Jacob Funk Kirkegaard
Friday, May 30, 2008

The reality of "globalization" is that it is a continuous economic process driven both by fundamental economic policy changes by individual governments and by technological innovation. New countries and sources of supply of and demand for an ever-increasing number of goods and services are being integrated at an accelerating tempo into a hitherto OECD-centric global economy. As such, it is an inclusive process through which emerging countries like China and India join the developed nations as increasingly integrated "equal partners" in a now truly global economy. The fact that in the global IT services industry, for instance, Indian multinational companies such as TCS or Infosys are now—less than ten years after they first ventured outside India on any scale—competing head-on globally against established US and European multinational companies like IBM or SAP for high value-added service contracts is testament to the novelty, speed, and broad scope of today's globalization.

However, the perception of "globalization" among the European public and certainly as expressed by many voters in America's current election cycle is very different. Among large groups of the traditional middle classes on both sides of the Atlantic, "globalization" is rather perceived as a transfer of existing jobs, know-how, and wealth from developed countries to the new and rapidly growing economies, especially China and India. In other words, not an integrative process, which new participants join, but rather a zero-sum type process of transferring "opportunities for an economically secure life" from one part of the world to another.

In recent years numerous public polls have documented how public support for free trade has plummeted, especially in the United States. While such polling is invariably heavily affected by the precise wording of the questionnaire—the words "globalization" and "free trade," for instance, elicit a very negative response among the American public while conceptually largely synonymous notions such as "world integration" and "free markets" score far better—the political headwinds faced by supporters of globalization have become tangibly stronger. Whether it is expressed by Die Linke in Germany or blatantly protectionist (usually Democratic) members of the US Congress, increasingly elections are won on outright "antiglobalization" platforms. This is a big change from the 1990s.
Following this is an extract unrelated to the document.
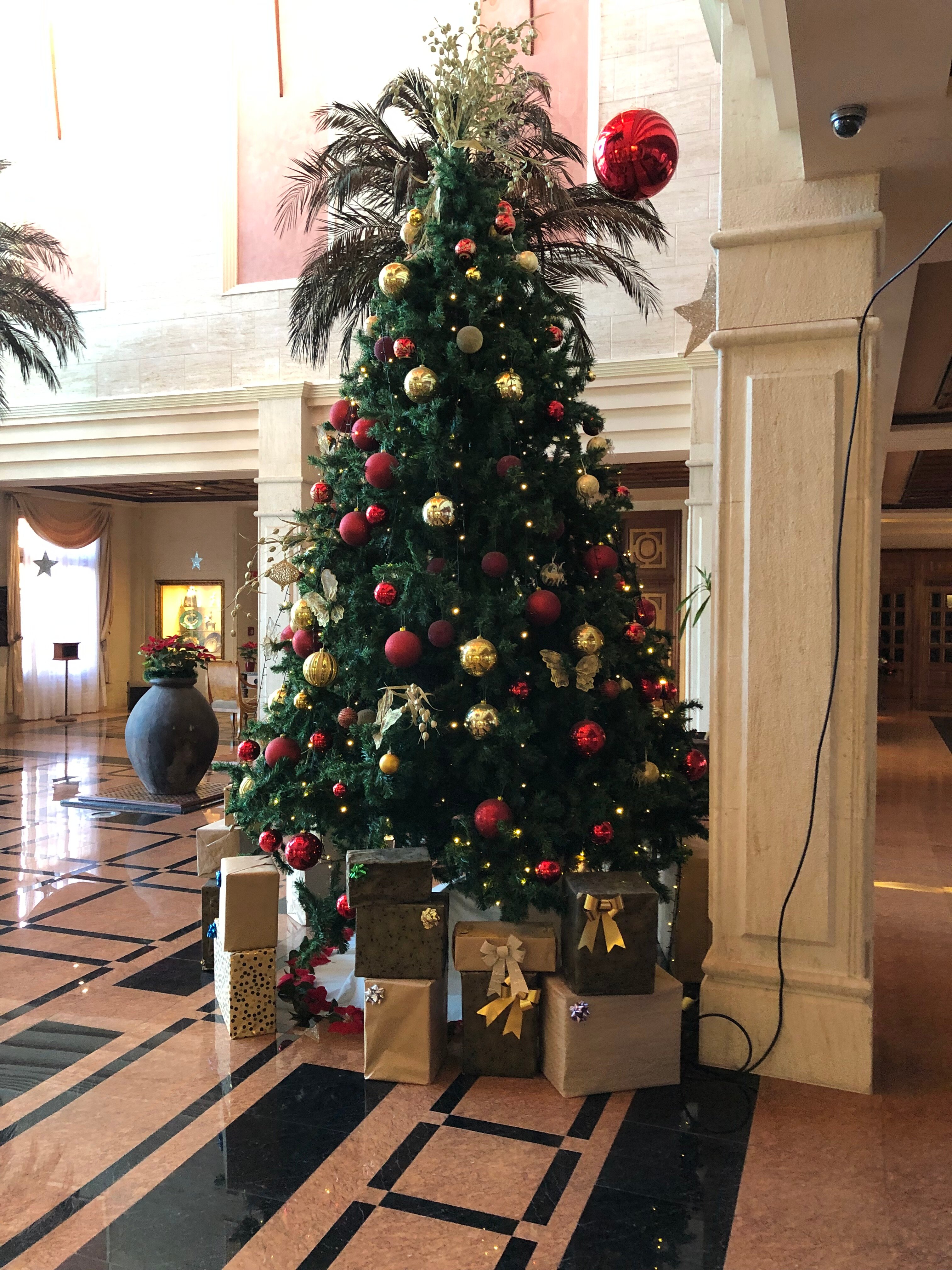 Elba Palace Golf Boutique Hotel-官方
Few voters probably truly like the kind of economic change that entails increased competition for their own jobs, even if they at the same time save a few percent annually on goods and services purchased and enjoy interest rates 50 basis points lower. Exponents of free trade and globalization, therefore, face a perennial political challenge of having to "sell a case" for a process of economic change that unambiguously enhances wealth and welfare in the aggregate, but one in which individual voter gains are small and very widely distributed, while potential losses are large and heavily concentrated.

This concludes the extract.